I moduli principali includono:
- Kiwix per la libreria di informazione offline (Wikipedia completa o selettiva, riferimenti medici, guide di sopravvivenza, e-book Project Gutenberg e altro in formato ZIM)
- Kolibri come piattaforma educativa multiutente con i corsi Khan Academy, tracking dei progressi e supporto a più apprendenti
- ProtoMaps per mappe offline basate su OpenStreetMap scaricabili per regione
- CyberChef per encoding, hashing, crittografia e manipolazione dati
- FlatNotes per appunti locali in Markdown
- AI opzionale basata su Ollama + Qdrant per chat locale, upload di documenti e ricerca semantica (RAG)
Esiste anche un catalogo "Supply Depot" che permette di aggiungere altri container Docker con un clic e un sistema di benchmark hardware con classifica community.
Requisiti hardware e storage
Il core è leggero: processore dual-core 2 GHz, 4 GB di RAM e 5 GB di spazio libero bastano per il Command Center e i servizi base su Ubuntu o Debian. Per l'AI locale le specifiche salgono: processore AMD Ryzen 7 o Intel Core i7, 32 GB di RAM, GPU NVIDIA RTX 3060 (o equivalente AMD) e almeno 250 GB di SSD. I dataset offline pesano: Wikipedia completa con immagini supera facilmente i 100 GB; mappe e collezioni multiple richiedono facilmente 500 GB–1 TB.

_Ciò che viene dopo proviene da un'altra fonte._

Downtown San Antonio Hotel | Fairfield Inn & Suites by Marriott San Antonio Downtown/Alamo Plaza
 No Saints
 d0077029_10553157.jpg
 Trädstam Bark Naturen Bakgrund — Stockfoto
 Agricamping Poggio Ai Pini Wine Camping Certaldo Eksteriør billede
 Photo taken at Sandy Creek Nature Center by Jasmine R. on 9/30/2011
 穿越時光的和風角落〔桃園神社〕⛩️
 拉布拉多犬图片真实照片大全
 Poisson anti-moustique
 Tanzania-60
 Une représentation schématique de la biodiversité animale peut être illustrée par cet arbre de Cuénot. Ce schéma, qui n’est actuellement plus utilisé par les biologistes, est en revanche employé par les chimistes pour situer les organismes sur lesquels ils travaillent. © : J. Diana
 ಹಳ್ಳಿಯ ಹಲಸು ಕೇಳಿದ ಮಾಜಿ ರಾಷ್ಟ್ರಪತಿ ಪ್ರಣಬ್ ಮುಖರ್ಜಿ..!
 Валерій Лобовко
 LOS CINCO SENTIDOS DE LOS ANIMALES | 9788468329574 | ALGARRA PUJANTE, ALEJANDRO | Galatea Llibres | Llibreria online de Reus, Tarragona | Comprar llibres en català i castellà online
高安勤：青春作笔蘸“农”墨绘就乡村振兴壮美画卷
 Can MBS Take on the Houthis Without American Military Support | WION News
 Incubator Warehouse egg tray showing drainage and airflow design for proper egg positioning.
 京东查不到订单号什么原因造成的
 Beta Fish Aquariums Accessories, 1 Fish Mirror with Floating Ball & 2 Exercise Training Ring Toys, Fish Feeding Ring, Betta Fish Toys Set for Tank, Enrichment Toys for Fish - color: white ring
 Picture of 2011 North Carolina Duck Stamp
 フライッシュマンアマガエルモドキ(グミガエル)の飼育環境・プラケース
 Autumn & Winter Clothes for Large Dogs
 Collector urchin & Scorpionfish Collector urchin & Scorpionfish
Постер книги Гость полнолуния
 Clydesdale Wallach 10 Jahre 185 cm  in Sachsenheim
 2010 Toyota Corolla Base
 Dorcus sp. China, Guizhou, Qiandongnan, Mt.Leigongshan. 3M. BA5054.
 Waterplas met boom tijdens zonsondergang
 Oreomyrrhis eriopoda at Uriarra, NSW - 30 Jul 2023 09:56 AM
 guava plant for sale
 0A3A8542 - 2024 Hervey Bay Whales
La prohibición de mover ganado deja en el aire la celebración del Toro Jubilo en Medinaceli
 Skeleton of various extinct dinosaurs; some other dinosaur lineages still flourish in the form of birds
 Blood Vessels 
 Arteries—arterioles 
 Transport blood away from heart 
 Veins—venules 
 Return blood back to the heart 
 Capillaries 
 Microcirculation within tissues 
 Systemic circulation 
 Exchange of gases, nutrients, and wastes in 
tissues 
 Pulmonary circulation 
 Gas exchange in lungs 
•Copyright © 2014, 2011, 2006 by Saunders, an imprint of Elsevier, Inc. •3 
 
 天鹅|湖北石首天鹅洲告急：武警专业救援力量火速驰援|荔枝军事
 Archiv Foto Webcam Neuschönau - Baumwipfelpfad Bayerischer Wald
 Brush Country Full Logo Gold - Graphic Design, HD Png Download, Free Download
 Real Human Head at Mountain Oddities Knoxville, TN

L'installazione ufficiale su sistemi Debian-based si riduce a due comandi:
sudo apt-get update && sudo apt-get install -y curl
curl -fsSL https://raw.githubusercontent.com/Crosstalk-Solutions/project-nomad/refs/heads/main/install/install_nomad.sh -o install_nomad.sh && sudo bash install_nomad.sh
Esiste anche una guida per Windows via WSL2. Dopo l'installazione il sistema può essere aggiornato, avviato o fermato con script dedicati in /opt/project-nomad.
AI locale e privacy
L'assistente AI è completamente opzionale. Quando attivo usa Ollama per l'inferenza e Qdrant come database vettoriale. I modelli restano sul dispositivo; nessuna richiesta viene inviata a servizi esterni. È possibile puntare a un'istanza Ollama remota o a un endpoint OpenAI-compatible (LM Studio, llama.cpp) se si preferisce separare il carico di calcolo. Il sistema supporta upload di documenti per RAG contestuale.
Sicurezza e limiti
Project N.O.M.A.D. non include autenticazione nativa. L'accesso è controllato a livello di rete. Se il server viene esposto oltre la LAN è obbligatorio proteggerlo con reverse proxy, VPN o firewall. Zero telemetria: nessuna metrica di utilizzo lascia la macchina.
Perché è rilevante
In un mondo sempre più dipendente dal cloud, un hub offline completo offre resilienza reale per homelab, ambienti scolastici a bassa connettività, scenari di emergenza o chi vuole mantenere il controllo totale sui dati. Il repository ha superato le 35.000 stelle su GitHub e continua a ricevere rilasci frequenti (ultima versione stabile v1.33.0). La community contribuisce a cataloghi di contenuto e miglioramenti al wizard di setup.
Project N.O.M.A.D. non è un "doom box" commerciale da centinaia di euro: è software libero che gira sull'hardware che già possiedi, con la flessibilità di attivare solo ciò che serve e la possibilità di espandere il sistema nel tempo.